◆ Description of the task
Using the listing below, print exactly everything from the line with "Полтина 1856 года, СПБ ФБ" down to the line with "传输层接口检验 DL/T 634.5104-2009", both included, and nothing more.

◆ Dataset records
__________

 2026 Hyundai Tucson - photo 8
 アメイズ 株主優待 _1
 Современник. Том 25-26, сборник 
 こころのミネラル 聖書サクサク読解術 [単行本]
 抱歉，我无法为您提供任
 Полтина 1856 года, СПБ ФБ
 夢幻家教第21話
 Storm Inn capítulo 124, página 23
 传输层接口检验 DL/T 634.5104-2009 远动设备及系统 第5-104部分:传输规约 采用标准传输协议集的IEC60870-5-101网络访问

__________

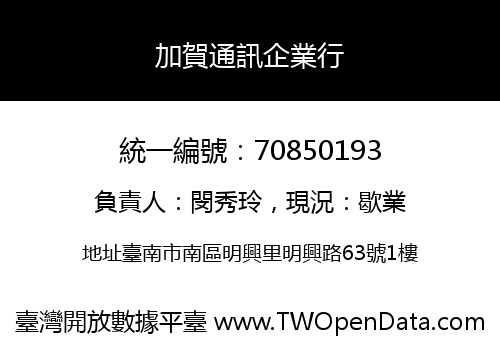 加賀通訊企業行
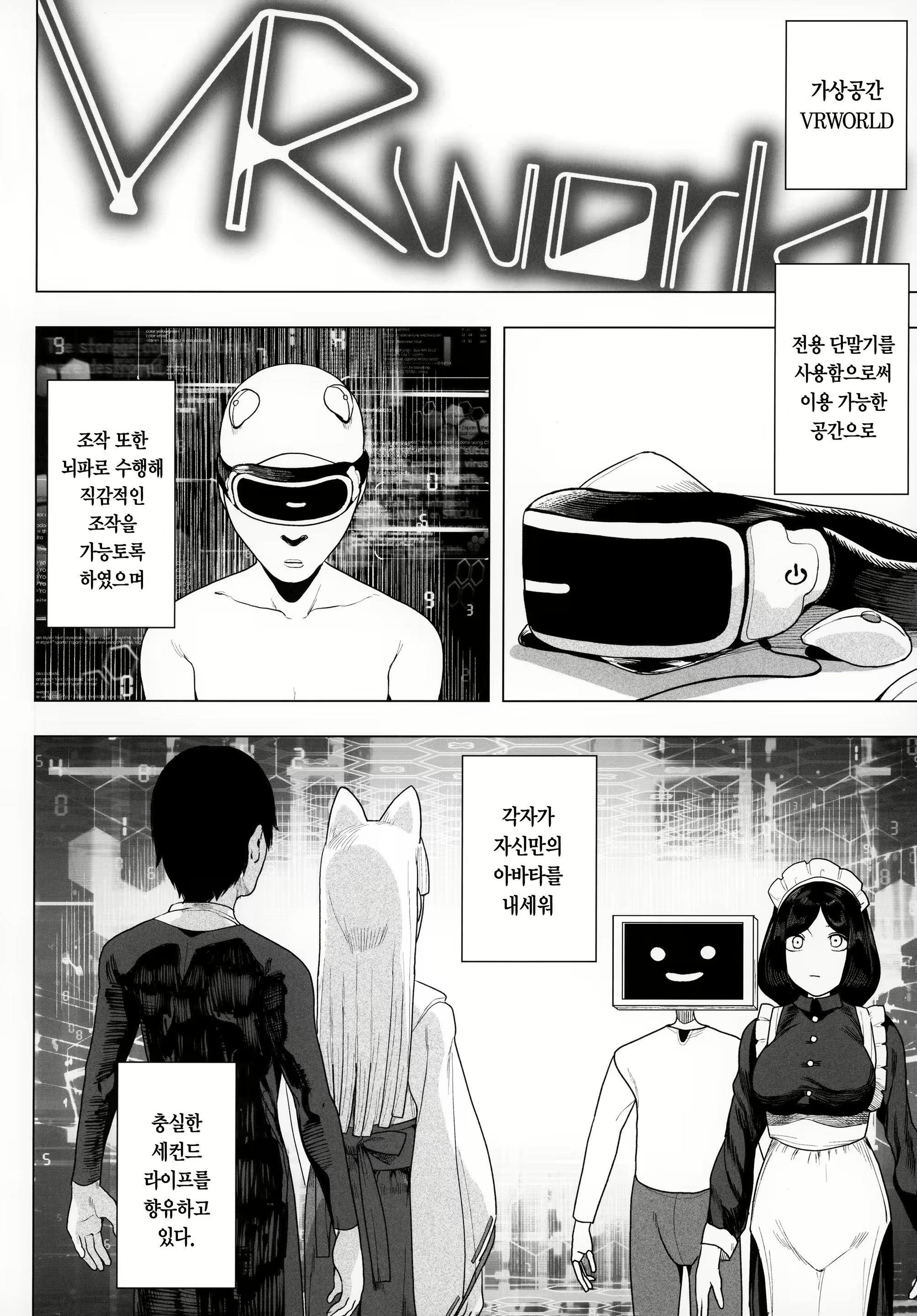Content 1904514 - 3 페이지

__________

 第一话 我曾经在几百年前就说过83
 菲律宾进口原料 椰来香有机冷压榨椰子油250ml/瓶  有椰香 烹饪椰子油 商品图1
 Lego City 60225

__________

◆ Exercise output
 Полтина 1856 года, СПБ ФБ
 夢幻家教第21話
 Storm Inn capítulo 124, página 23
 传输层接口检验 DL/T 634.5104-2009 远动设备及系统 第5-104部分:传输规约 采用标准传输协议集的IEC60870-5-101网络访问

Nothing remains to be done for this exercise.